EL ECONOMISTA


Una de las clases a las que asistí en Madrid hace unas semanas fue de la toma decisiones mediante el análisis financiero.   

Al llegar, el profesor, se presentó como un economista (hasta allí no había sorpresas) y luego dijo: “sicólogo, también”. 

Es cierto que en una era de transformación esperamos que una persona tenga diferentes estudios, no obstante, la segunda profesión inició el murmullo de los asistentes. Seguramente era lo que buscaba el educador al revelar este dato.

Tras una pausa, bien aplicada por él, explicó que sus dos carreras estaban relacionadas, porque la economía se basa en los comportamientos humanos y a continuación, puso un ejemplo: si todos nos creyéramos que la economía sale adelante, entonces ocurriría exactamente eso.
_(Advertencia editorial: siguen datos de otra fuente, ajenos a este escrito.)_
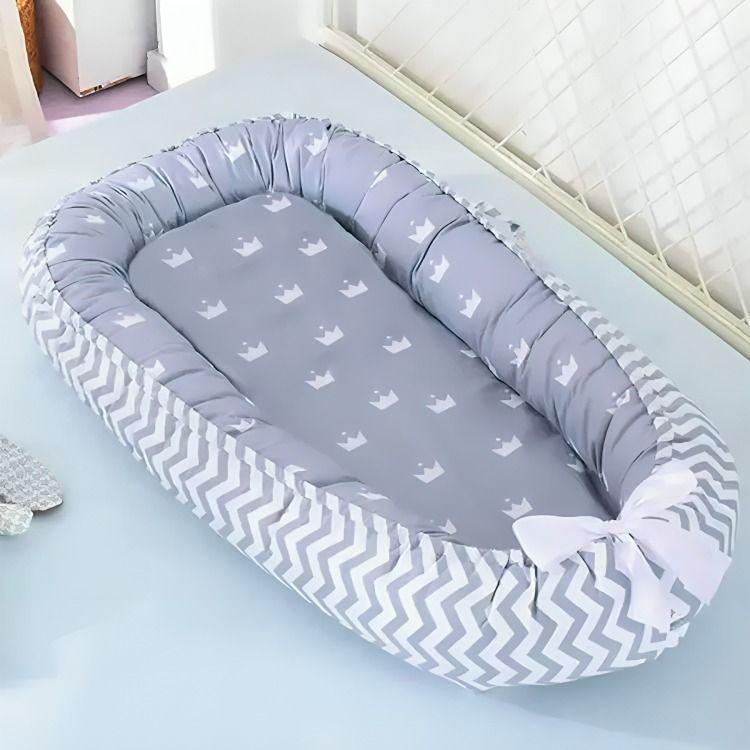 Cama Cojín Nido Colecho De Algodón Para Bebe 93x53cm-2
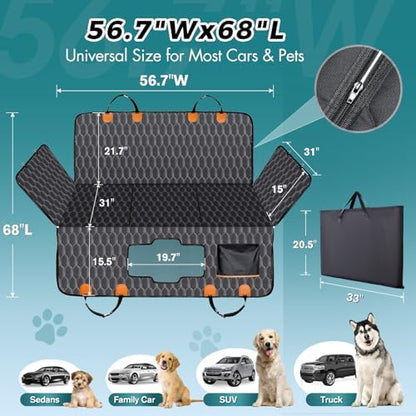 Chumajor XL Back Seat Extender for Dogs, Hard Bottom, Waterproof,400 lb - Image 5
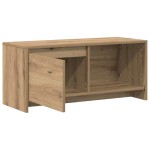 vidaXL Support TV stejar artizanal Lemn compozit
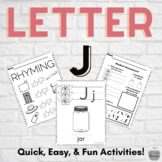 Letter J: Literacy Intervention Activity (Sound Sensible S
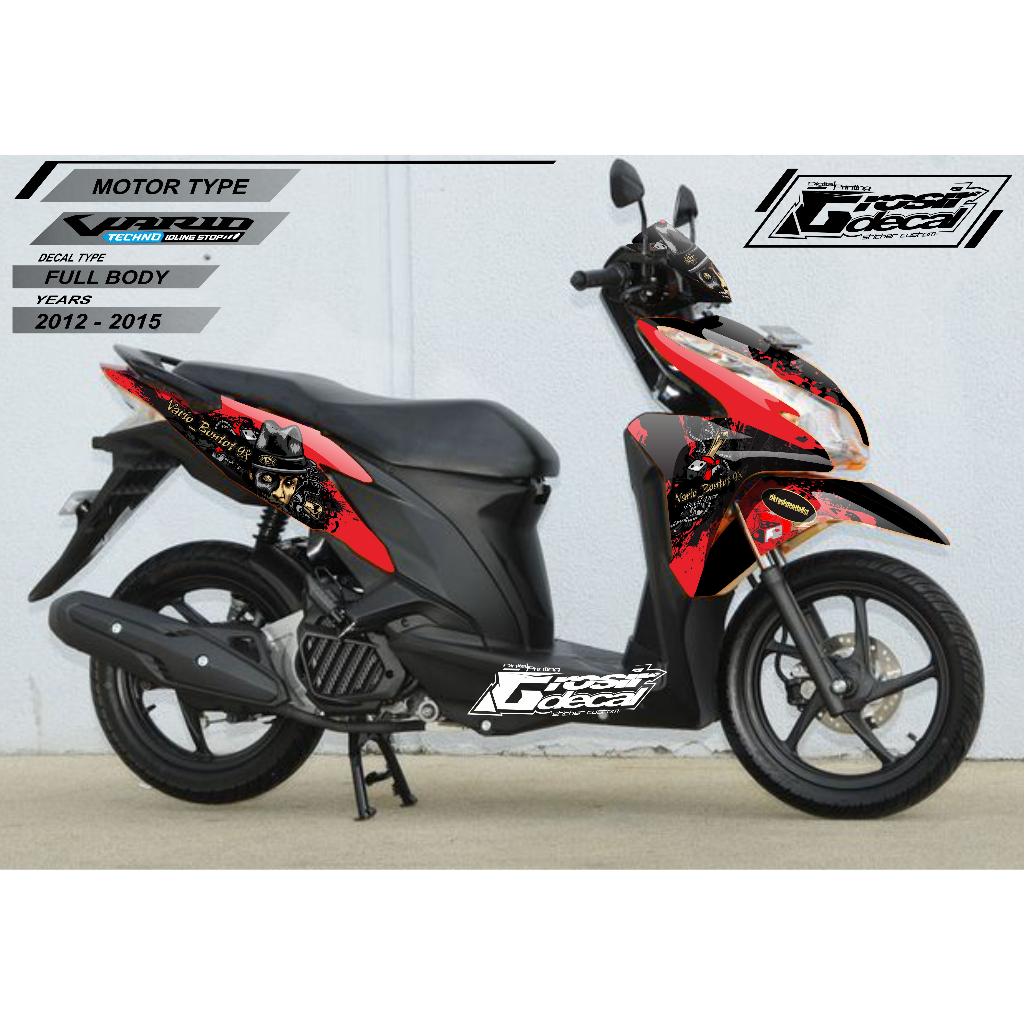 Decal Stiker Vario 125 Techno 2012 Full Body Dekal Stiker Vario 125 Lama Full Body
Recordé el caso de Ecuador.  Nos han educado diciéndonos que es un país pequeño y subdesarrollado.  Sin embargo, Israel es más pequeño que nosotros, rodeado de vecinos que no lo quieren y desierto, pero con un ingreso por persona siete veces superior.
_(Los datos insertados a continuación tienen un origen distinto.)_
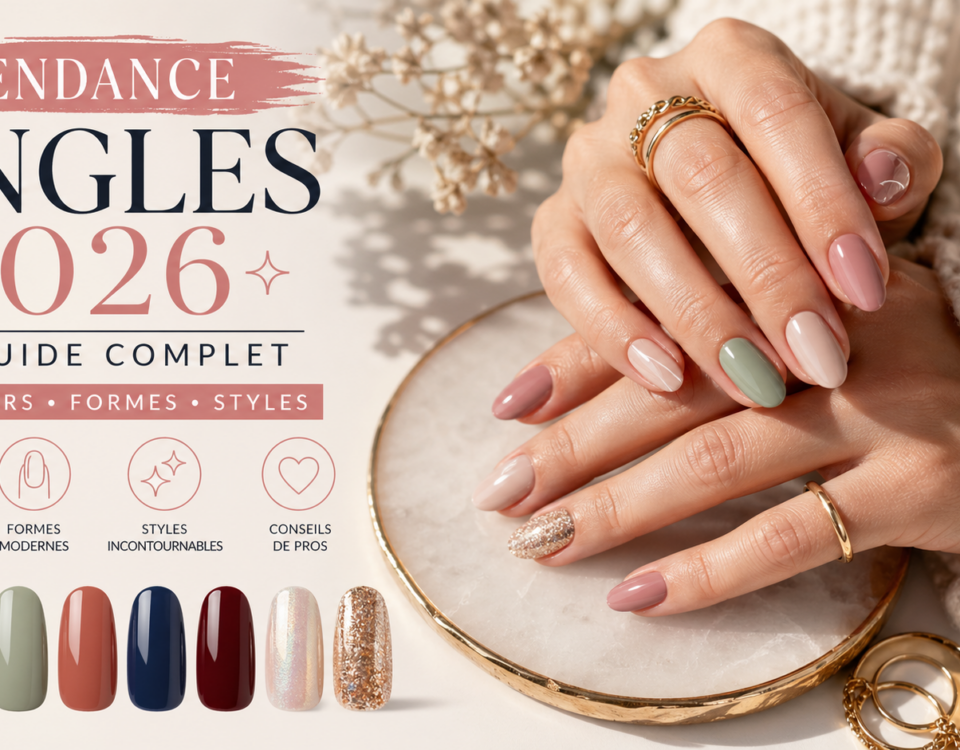 tendance ongles 2026 manucure couleurs nude vert sauge brun chocolat formes squoval amande courte nail art minimaliste glazed jelly nails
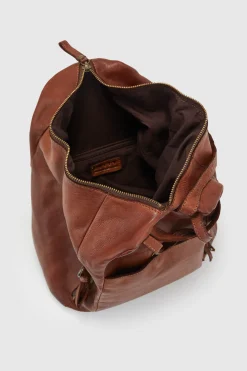 Ari Leather Tassel Backpack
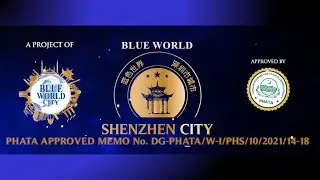 Shenzhen City Lahore, PHATA NOC Approved Project of Blue World City | Amazing Graphic Layout Plan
El subdesarrollo es un estado mental y de educación.  Nos hemos creído que es imposible salir de él.  Es vital alejarnos de ese esquema de pensamiento.

Las personas que innovaron o que rompieron récords deportivos no escucharon a los “expertos” que decían que las cosas no se podían lograr.

La mayoría de los ecuatorianos sienten que estaban mejor cuando el precio del barril del petróleo superaba los cien dólares. El Estado gastaba a manos llenas el dinero del petróleo y del encaje bancario, mientras se endeudaba alegremente. Ese gasto durante la época de elecciones hacía parecer que la economía estaba bien.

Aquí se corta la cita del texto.